Yesterday, when I was at the gym, I overheard a small group of guys talking. Each one was trying to out do the other with tales of their gym activity. They compared weight lifted, reps done and several other gym related facts that quite frankly have no meaning for me. Plus, I wasn’t listening that long. I was mostly at the bank of lockers next to their group retrieving my things.
So it was only a walk by eavesdropping.
Besides what they were saying was relatively unimportant compared to what I was thinking.
Talk like that, or the thought of talk like that, once scared me when I thought of going to the gym.
My decision to lose weight didn’t start with me thinking I wanted to lose a few pounds before a high school reunion or an upcoming beach vacation. It started when I woke up, got out of bed and felt my knees and feet already starting to hurt from the stress of holding me up when I was halfway to the bathroom. By the time I reached the bathroom, I realized I couldn’t remember a day when my feet and knees didn’t hurt.
Once I finished in the bathroom. I made my way to the kitchen to put the coffee on. Before I set it to brew I decided I needed to finally do something about my weight and stop making excuses for it.
But that was easier declared than done.
Declarations are easy. I’d made about a million of them before. It was action that was needed. And action was terrifying.
I thought of all of the weight machines at the gym and how they resembled medieval torture devices. I thought of the people who routinely used them and how they all looked fit and trim despite claiming the need to lose weight. And I thought of the fact that the last time I dropped a pencil and it rolled under my desk I had to gt onto my knees on the floor. I recalled the fact that I had a very hard time getting back up off the floor.
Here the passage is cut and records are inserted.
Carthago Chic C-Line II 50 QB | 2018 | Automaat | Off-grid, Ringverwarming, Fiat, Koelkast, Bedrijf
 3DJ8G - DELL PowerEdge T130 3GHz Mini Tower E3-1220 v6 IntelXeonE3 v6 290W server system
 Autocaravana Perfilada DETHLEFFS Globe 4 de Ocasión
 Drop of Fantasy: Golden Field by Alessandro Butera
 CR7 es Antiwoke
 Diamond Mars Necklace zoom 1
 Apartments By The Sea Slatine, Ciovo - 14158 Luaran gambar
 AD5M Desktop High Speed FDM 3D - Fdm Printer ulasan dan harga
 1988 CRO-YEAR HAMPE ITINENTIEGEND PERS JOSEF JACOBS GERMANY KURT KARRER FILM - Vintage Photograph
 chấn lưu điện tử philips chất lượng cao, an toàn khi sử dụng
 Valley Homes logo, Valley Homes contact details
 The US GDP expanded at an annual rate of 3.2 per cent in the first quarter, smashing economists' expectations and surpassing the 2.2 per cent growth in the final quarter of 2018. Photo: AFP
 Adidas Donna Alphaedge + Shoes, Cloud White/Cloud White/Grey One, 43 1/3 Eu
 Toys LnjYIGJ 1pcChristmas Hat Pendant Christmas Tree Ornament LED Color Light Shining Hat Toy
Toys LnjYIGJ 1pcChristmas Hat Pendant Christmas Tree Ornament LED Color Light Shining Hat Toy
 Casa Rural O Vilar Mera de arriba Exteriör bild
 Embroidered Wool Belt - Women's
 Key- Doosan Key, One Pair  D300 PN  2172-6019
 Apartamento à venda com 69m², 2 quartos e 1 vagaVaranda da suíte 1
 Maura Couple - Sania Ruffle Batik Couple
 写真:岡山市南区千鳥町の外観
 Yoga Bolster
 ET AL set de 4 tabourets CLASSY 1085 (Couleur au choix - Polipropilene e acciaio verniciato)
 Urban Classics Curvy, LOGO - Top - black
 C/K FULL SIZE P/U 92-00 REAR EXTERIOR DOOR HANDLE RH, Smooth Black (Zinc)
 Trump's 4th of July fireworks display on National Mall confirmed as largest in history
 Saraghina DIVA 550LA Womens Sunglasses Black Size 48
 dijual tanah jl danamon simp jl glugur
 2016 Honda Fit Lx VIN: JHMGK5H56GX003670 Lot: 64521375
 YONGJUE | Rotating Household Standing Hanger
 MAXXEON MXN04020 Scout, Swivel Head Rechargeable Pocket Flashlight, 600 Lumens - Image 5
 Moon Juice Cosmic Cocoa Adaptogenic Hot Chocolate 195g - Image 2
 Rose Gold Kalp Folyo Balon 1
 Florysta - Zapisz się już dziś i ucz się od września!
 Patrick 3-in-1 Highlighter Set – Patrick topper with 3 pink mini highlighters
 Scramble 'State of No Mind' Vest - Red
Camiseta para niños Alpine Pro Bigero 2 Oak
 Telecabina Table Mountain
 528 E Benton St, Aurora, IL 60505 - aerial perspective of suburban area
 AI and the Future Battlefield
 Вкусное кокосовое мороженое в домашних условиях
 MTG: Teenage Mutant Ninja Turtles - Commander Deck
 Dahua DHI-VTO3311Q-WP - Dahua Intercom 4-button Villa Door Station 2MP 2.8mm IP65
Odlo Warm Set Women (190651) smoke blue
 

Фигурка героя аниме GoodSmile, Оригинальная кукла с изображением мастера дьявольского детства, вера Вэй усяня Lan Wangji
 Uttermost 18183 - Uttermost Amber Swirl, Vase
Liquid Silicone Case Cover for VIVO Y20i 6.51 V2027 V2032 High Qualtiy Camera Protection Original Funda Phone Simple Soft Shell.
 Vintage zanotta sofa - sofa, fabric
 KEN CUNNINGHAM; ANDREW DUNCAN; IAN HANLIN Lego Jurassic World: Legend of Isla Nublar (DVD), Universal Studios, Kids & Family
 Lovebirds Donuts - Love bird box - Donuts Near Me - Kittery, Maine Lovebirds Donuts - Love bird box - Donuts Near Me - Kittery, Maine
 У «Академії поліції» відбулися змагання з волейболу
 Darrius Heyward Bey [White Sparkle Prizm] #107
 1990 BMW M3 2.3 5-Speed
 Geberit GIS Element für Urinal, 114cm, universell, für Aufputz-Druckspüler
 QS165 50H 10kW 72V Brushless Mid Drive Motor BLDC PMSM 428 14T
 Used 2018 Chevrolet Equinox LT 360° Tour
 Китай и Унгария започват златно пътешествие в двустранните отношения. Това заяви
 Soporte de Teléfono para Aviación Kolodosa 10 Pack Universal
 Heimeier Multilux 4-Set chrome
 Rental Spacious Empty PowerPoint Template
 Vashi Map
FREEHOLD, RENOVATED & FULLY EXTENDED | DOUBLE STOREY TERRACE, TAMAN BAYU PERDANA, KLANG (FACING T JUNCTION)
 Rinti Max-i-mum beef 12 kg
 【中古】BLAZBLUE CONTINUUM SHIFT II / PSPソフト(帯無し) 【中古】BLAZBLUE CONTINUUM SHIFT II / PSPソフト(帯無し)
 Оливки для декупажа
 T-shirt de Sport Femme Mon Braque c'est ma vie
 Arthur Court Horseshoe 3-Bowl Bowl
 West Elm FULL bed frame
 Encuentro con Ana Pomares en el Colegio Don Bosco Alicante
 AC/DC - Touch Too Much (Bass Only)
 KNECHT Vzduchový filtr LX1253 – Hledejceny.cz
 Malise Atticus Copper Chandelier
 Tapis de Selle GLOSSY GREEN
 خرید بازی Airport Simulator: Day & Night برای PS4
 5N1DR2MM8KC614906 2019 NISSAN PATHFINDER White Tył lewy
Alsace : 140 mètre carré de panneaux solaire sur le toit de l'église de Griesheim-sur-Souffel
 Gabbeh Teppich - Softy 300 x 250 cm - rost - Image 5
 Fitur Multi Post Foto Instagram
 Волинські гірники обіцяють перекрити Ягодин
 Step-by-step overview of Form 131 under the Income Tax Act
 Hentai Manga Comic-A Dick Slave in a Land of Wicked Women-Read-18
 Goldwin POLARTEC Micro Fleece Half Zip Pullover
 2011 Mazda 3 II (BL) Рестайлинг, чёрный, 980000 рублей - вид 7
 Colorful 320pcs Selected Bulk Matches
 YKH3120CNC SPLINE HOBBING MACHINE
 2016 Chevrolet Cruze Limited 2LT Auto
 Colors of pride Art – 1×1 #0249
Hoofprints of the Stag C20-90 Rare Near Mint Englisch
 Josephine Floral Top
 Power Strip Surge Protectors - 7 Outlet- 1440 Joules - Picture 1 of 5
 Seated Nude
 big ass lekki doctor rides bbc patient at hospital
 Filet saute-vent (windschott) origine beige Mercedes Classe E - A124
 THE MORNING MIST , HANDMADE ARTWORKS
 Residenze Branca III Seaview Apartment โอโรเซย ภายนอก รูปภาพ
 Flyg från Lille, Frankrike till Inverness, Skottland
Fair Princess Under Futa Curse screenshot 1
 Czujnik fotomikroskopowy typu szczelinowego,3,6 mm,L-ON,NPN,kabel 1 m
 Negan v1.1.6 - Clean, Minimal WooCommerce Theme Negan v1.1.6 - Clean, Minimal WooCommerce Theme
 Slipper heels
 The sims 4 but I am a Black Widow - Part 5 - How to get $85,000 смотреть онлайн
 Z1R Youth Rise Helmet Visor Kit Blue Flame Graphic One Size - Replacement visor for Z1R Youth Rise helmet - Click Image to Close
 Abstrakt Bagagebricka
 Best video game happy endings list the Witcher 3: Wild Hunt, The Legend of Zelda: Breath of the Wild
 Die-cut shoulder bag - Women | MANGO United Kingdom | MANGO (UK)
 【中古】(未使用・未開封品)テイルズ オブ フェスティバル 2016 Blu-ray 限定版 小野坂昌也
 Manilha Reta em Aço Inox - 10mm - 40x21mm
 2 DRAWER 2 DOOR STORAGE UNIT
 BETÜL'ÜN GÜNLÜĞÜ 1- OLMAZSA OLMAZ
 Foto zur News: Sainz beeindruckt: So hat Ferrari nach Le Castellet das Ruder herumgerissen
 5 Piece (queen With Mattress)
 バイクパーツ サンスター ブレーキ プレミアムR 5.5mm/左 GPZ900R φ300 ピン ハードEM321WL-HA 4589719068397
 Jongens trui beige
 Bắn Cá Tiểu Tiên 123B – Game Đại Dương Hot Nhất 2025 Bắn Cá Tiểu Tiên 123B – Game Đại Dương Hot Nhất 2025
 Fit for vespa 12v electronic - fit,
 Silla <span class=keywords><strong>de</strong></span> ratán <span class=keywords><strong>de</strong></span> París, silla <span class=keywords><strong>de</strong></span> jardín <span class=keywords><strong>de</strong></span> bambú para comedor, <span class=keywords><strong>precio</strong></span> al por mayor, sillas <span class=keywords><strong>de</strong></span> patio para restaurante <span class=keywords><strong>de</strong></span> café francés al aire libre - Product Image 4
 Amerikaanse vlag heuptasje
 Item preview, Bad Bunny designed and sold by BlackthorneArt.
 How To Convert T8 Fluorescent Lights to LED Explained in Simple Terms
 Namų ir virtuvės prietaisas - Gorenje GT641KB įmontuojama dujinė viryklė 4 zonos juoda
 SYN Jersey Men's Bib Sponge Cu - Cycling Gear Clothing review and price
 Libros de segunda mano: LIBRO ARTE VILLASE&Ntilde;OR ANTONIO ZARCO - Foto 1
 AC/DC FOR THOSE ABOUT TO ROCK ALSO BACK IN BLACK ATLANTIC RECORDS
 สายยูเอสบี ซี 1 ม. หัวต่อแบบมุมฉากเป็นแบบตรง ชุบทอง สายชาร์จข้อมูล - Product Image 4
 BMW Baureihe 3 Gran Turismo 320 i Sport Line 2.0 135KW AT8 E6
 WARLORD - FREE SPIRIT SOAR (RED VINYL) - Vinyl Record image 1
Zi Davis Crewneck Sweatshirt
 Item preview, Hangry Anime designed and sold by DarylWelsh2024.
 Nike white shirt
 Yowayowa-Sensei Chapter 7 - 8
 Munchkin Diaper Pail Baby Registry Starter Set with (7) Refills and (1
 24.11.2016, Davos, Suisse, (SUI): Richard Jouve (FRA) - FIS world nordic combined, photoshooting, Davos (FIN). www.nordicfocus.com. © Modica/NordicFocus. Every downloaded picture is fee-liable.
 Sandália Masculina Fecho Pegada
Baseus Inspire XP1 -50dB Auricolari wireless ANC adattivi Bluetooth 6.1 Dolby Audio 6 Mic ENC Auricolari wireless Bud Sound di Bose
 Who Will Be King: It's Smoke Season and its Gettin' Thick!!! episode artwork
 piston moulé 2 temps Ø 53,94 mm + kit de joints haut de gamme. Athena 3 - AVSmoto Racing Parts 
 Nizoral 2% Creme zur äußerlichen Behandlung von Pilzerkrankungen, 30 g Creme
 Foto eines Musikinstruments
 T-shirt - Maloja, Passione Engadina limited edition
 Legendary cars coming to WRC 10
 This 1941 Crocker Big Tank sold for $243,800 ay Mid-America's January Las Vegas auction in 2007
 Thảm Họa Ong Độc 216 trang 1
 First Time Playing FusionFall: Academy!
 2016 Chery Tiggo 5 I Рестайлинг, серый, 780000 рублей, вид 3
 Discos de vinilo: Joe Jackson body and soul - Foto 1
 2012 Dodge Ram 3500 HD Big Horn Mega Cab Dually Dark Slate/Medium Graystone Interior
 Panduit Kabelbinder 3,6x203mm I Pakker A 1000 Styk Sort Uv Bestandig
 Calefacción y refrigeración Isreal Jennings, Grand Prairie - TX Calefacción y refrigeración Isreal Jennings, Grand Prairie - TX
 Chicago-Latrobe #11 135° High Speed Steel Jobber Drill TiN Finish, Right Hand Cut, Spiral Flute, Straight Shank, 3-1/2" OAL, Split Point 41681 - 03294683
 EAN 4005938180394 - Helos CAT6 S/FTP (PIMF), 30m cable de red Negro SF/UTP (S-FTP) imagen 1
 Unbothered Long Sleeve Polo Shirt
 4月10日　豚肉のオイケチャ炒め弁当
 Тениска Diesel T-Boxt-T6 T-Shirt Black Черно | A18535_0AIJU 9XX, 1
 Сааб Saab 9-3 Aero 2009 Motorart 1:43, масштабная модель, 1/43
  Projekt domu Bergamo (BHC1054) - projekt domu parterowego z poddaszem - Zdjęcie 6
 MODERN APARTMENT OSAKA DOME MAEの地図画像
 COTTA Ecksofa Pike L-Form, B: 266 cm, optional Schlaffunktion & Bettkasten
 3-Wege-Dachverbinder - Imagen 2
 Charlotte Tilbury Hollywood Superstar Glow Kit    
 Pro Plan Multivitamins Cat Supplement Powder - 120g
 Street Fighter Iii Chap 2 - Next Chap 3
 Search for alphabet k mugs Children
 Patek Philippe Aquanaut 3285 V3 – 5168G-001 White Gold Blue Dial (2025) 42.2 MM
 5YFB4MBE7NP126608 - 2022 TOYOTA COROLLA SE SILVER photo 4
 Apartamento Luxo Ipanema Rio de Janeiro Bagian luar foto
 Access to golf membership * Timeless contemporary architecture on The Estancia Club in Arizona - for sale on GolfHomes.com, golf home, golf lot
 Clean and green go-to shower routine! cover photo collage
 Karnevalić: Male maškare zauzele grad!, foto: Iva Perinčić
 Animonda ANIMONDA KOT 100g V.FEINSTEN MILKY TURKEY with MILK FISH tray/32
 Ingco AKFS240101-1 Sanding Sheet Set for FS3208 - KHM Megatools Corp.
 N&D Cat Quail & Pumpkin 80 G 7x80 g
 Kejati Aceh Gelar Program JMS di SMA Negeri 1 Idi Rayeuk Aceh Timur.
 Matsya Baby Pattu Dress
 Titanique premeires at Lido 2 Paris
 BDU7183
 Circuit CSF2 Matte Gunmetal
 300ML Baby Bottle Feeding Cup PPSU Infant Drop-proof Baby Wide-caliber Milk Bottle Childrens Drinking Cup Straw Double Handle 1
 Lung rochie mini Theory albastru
No way was I going to a gym.
So I made myself a deal. I would start small at home and get my body used to moving again. When I felt I was ready to attempt the gym, I would. But I didn’t have to start out there.
So where did I start?
I wracked my brain for things I could do at home that required no equipment purchases. I came up with walking for cardio, but my brain also kicked up a bunch of floor exercises.
I know what you are thinking. Remember the dropped pencil, Mimsy?
I got you, just wait for it.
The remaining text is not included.